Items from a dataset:
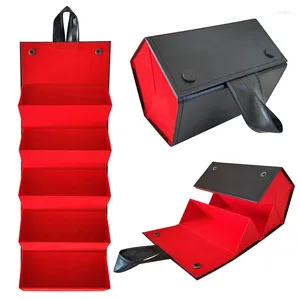 Storage Boxes 1 Piece Multiple Travel Sunglasses Organizer Case Black & Red Hanging Foldable Eyeglasses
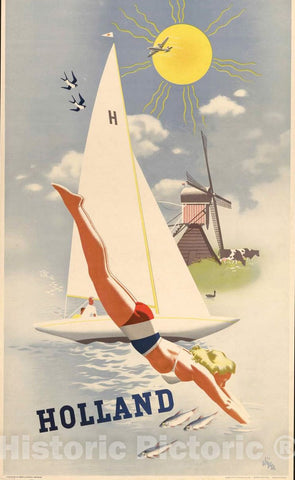 Vintage Poster -  Holland -  Wijga., Historic Wall Art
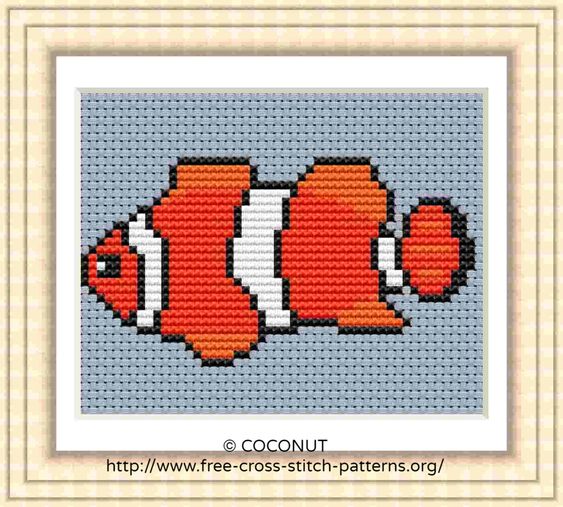 Ocellaris clownfish, Free and easy printable cross stitch pattern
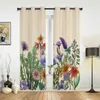 Curtain & Drapes Plant Flower Petunia Lavender Modern Window Curtains Living Room Bathroom Kitchen Household ProductsCurtain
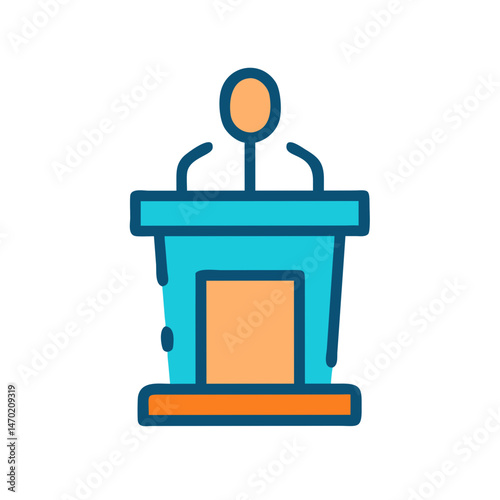 School Podium Icon – Assembly or Debate Speech Stand Symbol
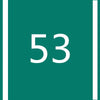 A teal square with a white number 53 centered within two vertical green stripes.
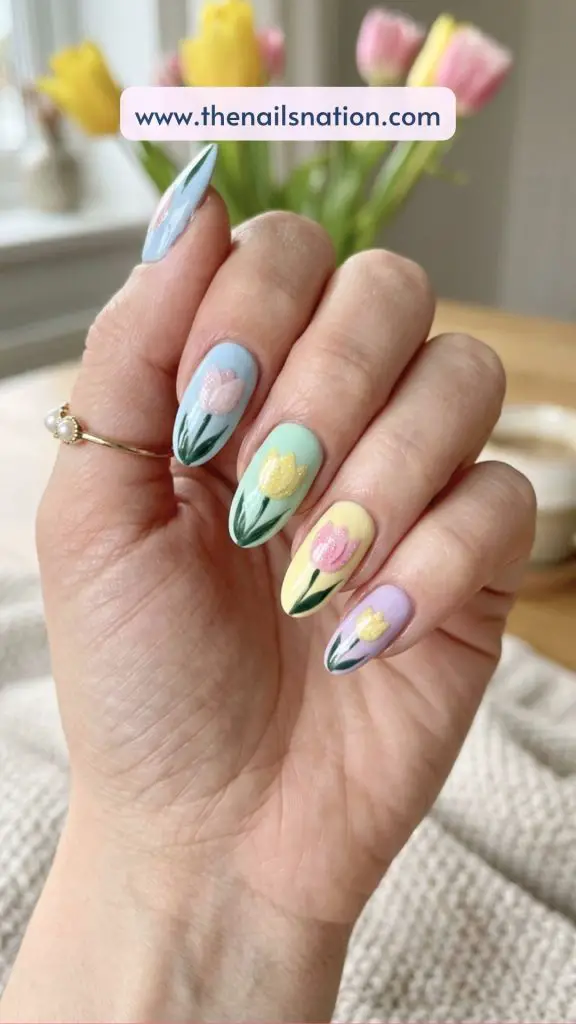 Glitter Tulip Nail Art Design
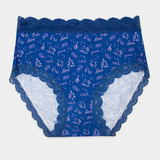 High Rise Knicker in Navy Noel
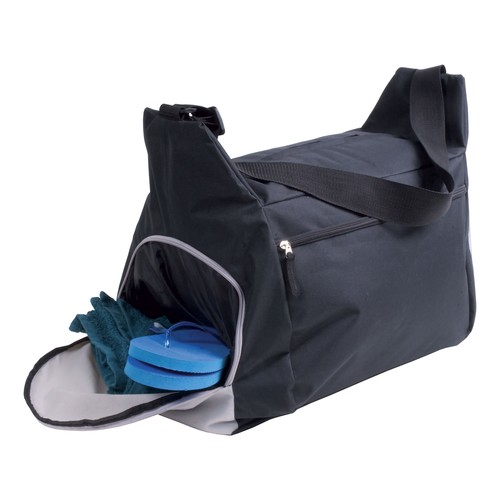 600D polyester sports/travel bag with adjustable shoulder strap, 2 compartments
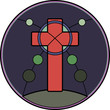 stained glass pattern on religious themes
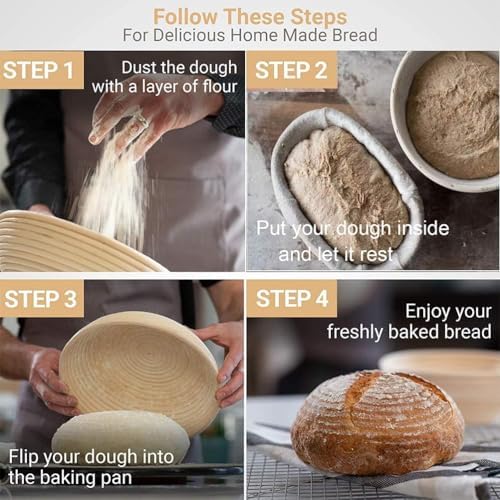 Sourdough Proofing Basket Set for 10-inch Ovals 2-Piece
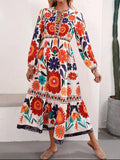 Floral Tie Waist Long Sleeve Dress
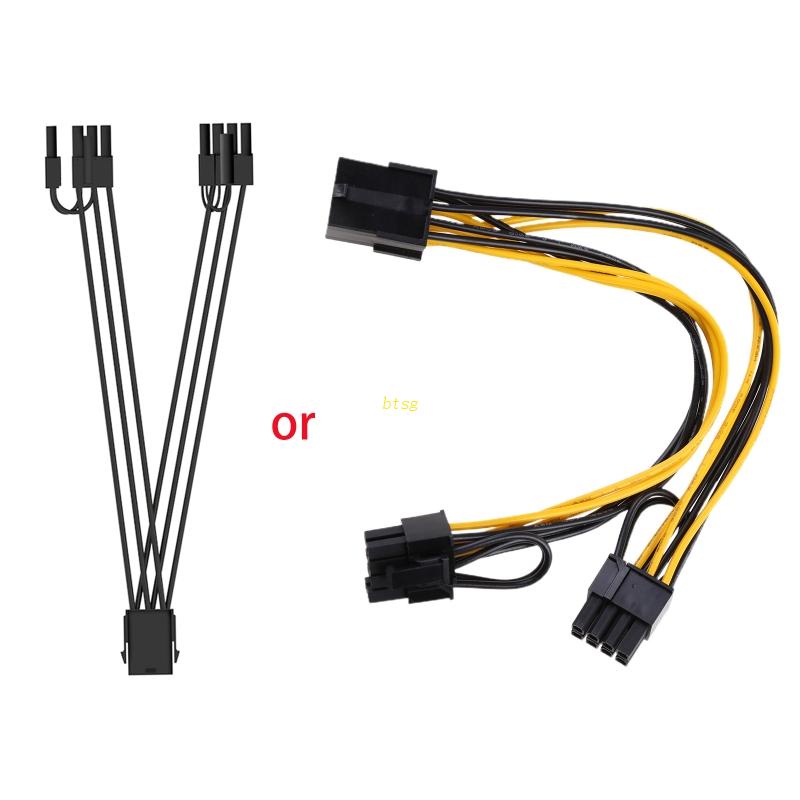 Btsg PCIE 6Pin Female to 8Pin (6+2) Male Graphics Card Power Supply Kabel Adaptor 18cm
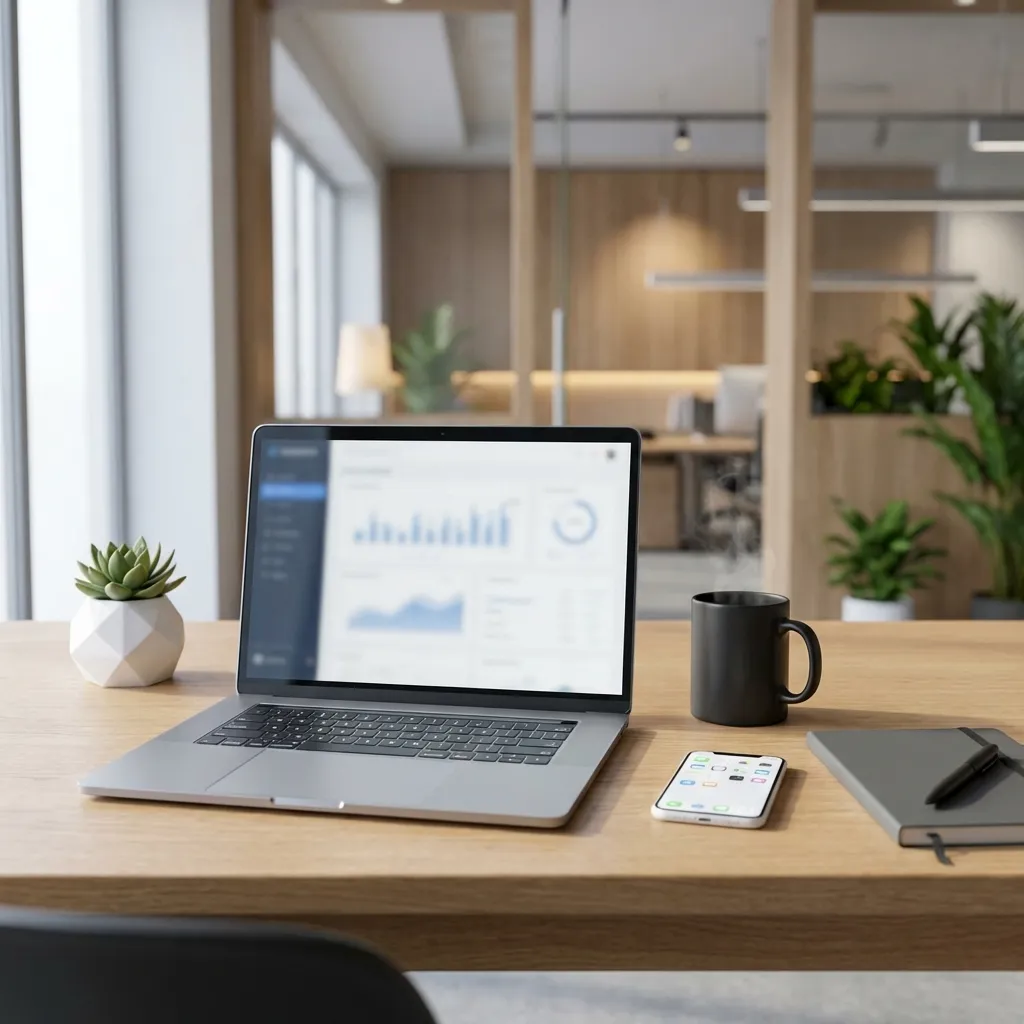 やや高めの中距離クローズアップアングルから見た、汚れ一つない、モダンでミニマルなオフィスデスクのセットアップ。洗練されたシルバーのラップトップが開いており、ぼやけた汎用的なデータ視覚化インターフェースが表示されている。その隣には、現代的な白いスマートフォンが画面を上に向けて置かれ、シンプルで清潔なアプリアイコンのグリッドが表示されている。高級感のある灰色のノートとミニマリストな黒いペンがきちんと配置されている。スタイリッシュなマットブラックのセラミック製コーヒーマグが、淹れたてでラップトップの近くに置かれている。白い幾何学模様の鉢に入った小さく鮮やかな緑の多肉植物が生命感を添えている。デスクの表面は滑らかな明るい色調の木製。背景は上品にぼかされたモダンなオープンオフィスの空間で、微妙な建築的ディテールと柔らかな間接照明があり、プロフェッショナルな雰囲気を保っている。柔らかな拡散した自然光が差し込み、シーンを照らし、微妙なハイライトと優しく深い影が奥行きと立体感を生み出している。全体的な美学は清潔で、魅力的で、非常に機能的であり、生産性と静けさを強調している。広い開口部で撮影され、浅い被写界深度が特徴。高品質、8K、フォトリアリスティック、シネマティックライティングで、需要の高い商業用途に最適。
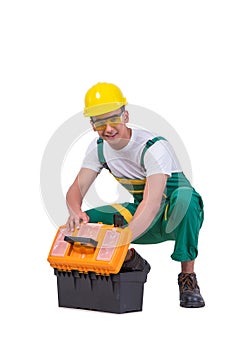 The young man with toolkit toolbox isolated on white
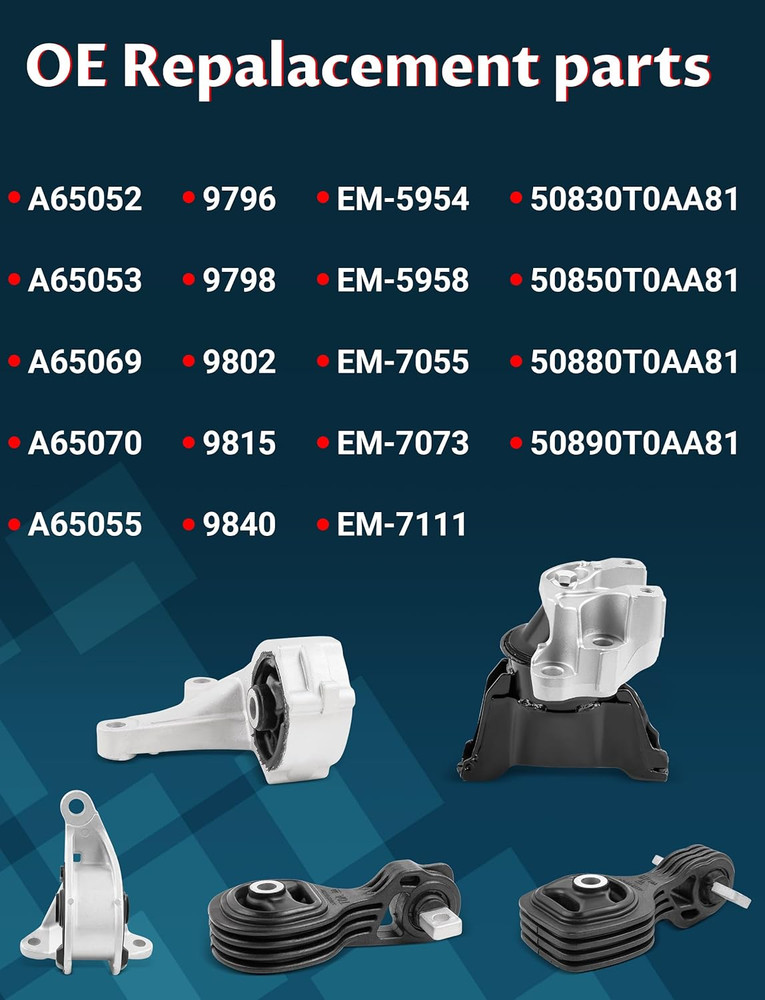 Engine Mount & Transmission Set for CR-V 2012-2014 - 5-Piece Kit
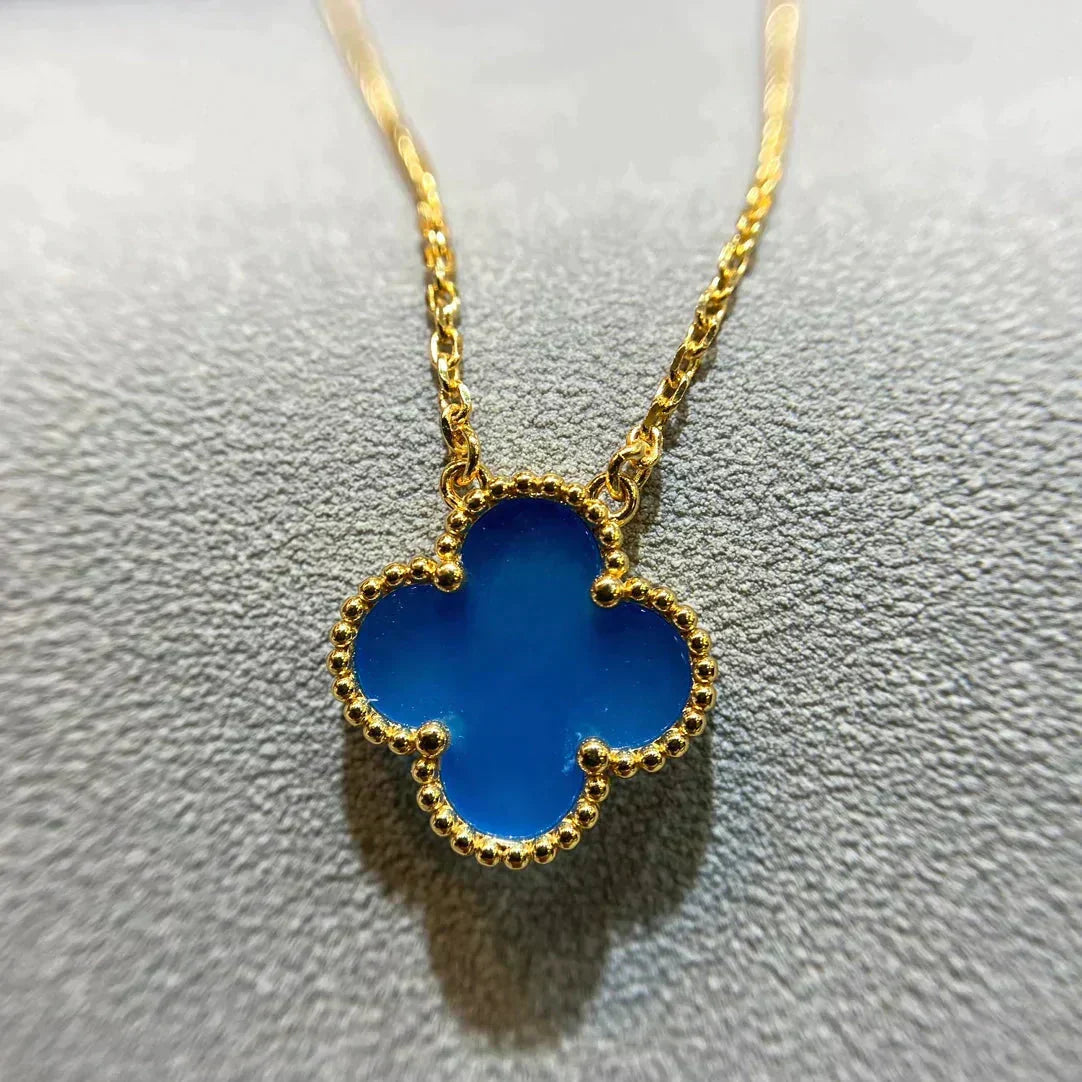 VCA CLOVER 15MM BLUE AGATE NECKLACE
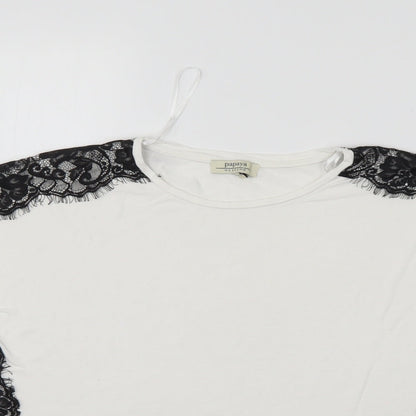 Close-up detail of Papaya women’s white floral basic t-shirt, size UK 8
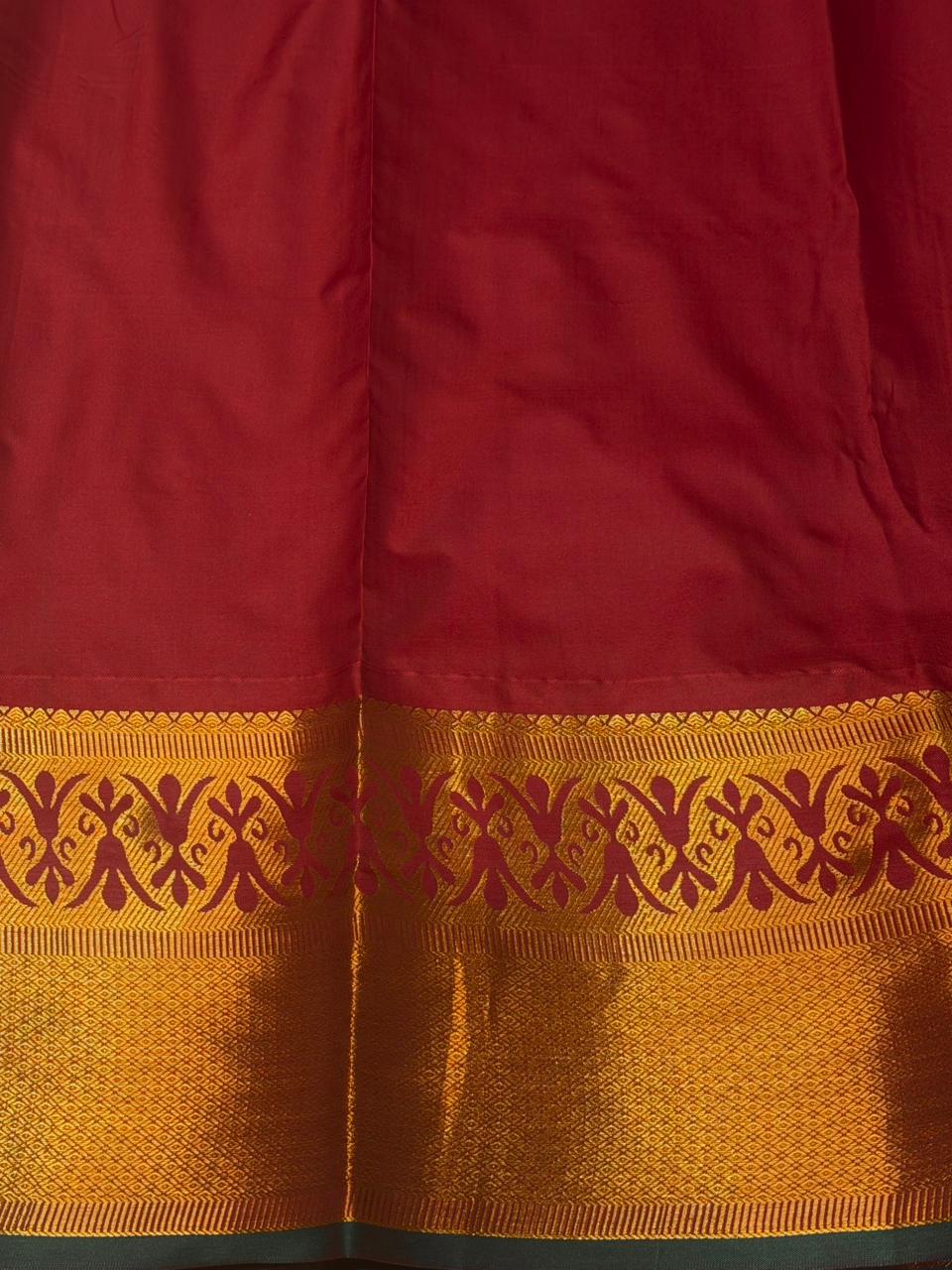 Maroon Bridal kanchipuram silk saree- PBRIDE19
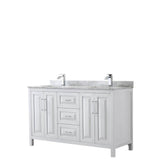 Wyndham Collection - Daria 60 Inch Double Bathroom Vanity in White, White Carrara Marble Countertop, Undermount Square Sinks, and No Mirror - White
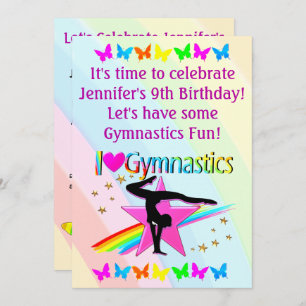 I LOVE GYMNASTICS BIRTHDAY INVITATION EINLADUNG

- WHAT IS EXPECTED: This exercise asks for an exact copy of the lines from the first one in the data through the line that contains "やや高めの中距離クローズアッ", pictures excluded.

- EXERCISE RESPONSE:
 Storage Boxes 1 Piece Multiple Travel Sunglasses Organizer Case Black & Red Hanging Foldable Eyeglasses
 Vintage Poster -  Holland -  Wijga., Historic Wall Art
 Ocellaris clownfish, Free and easy printable cross stitch pattern
 Curtain & Drapes Plant Flower Petunia Lavender Modern Window Curtains Living Room Bathroom Kitchen Household ProductsCurtain
 School Podium Icon – Assembly or Debate Speech Stand Symbol
 A teal square with a white number 53 centered within two vertical green stripes.
 Glitter Tulip Nail Art Design
 High Rise Knicker in Navy Noel
 600D polyester sports/travel bag with adjustable shoulder strap, 2 compartments
 stained glass pattern on religious themes
 Sourdough Proofing Basket Set for 10-inch Ovals 2-Piece
 Floral Tie Waist Long Sleeve Dress
 Btsg PCIE 6Pin Female to 8Pin (6+2) Male Graphics Card Power Supply Kabel Adaptor 18cm
 やや高めの中距離クローズアップアングルから見た、汚れ一つない、モダンでミニマルなオフィスデスクのセットアップ。洗練されたシルバーのラップトップが開いており、ぼやけた汎用的なデータ視覚化インターフェースが表示されている。その隣には、現代的な白いスマートフォンが画面を上に向けて置かれ、シンプルで清潔なアプリアイコンのグリッドが表示されている。高級感のある灰色のノートとミニマリストな黒いペンがきちんと配置されている。スタイリッシュなマットブラックのセラミック製コーヒーマグが、淹れたてでラップトップの近くに置かれている。白い幾何学模様の鉢に入った小さく鮮やかな緑の多肉植物が生命感を添えている。デスクの表面は滑らかな明るい色調の木製。背景は上品にぼかされたモダンなオープンオフィスの空間で、微妙な建築的ディテールと柔らかな間接照明があり、プロフェッショナルな雰囲気を保っている。柔らかな拡散した自然光が差し込み、シーンを照らし、微妙なハイライトと優しく深い影が奥行きと立体感を生み出している。全体的な美学は清潔で、魅力的で、非常に機能的であり、生産性と静けさを強調している。広い開口部で撮影され、浅い被写界深度が特徴。高品質、8K、フォトリアリスティック、シネマティックライティングで、需要の高い商業用途に最適。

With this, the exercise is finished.